# Brick Lane market the main sales venue for stolen bikes



## stonecastle (26 May 2009)

The biggest market for stolen bikes in the country is the large Brick Lane market in east London. Most of the bikes sold on the regular licensed stalls are OK, but most bikes sold by flypitchers there especially young flypitchers tend to be stolen. 

You can usually easily spot a stolen bike for sale there, if it looks an expensive modern bike and is being sold by a flypitcher for a bargin then it is usually stolen. 

If it is an old knackered bike though that looks decades old then it is usually not stolen and is probably being sold by the owner who now just wants to get rid of it.


----------



## joolsybools (8 Jun 2009)

I've heard about this too and LCC advise not to buy bikes from Brick Lane.
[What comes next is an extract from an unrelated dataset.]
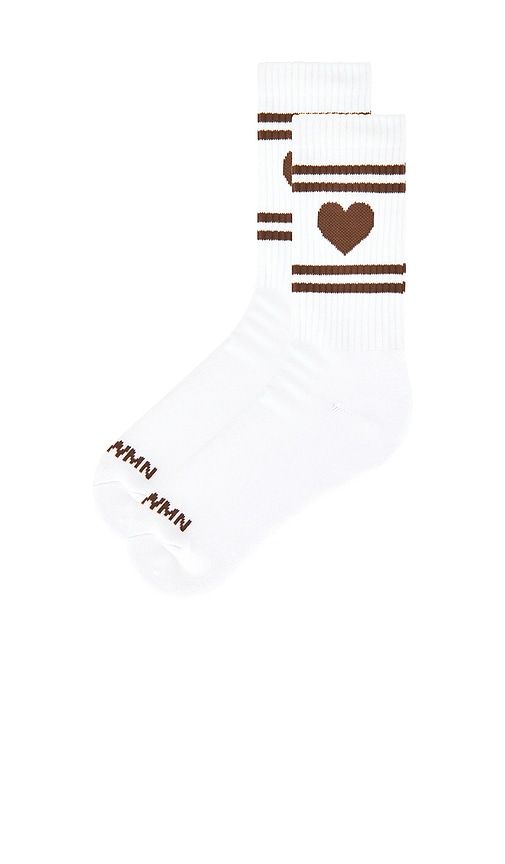 Heart Logo Crew Socks in - SPRWMN - Modalova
Please do not go there to buy a bike as you are causing demand therefore supply.


----------



## skrx (12 Jun 2009)

I experimented with Gumtree's bike section.

I looked for any advert where the text was all copied from the manufacturer's website, the bike iexpensive and "new", and the picture also from a website (rather than someone's garden). I emailed the sellers something like "Hi, I don't want to buy a stolen bike. Do you have proof of purchase?". None of them replied.


----------



## Radius (12 Jun 2009)

Unfortunately not recent news about Brick Lane, always worth having a look there if your bike goes missing. However, I have heard some good stories of people spotting a stolen bike they recognised (usually fixies so easier to tell), and slapping their own lock or two on it and notifying the real owner.


----------



## dellzeqq (14 Jun 2009)

There are bicycle shops in this part of the world that buy second hand bikes from children for cash. Think on.....


----------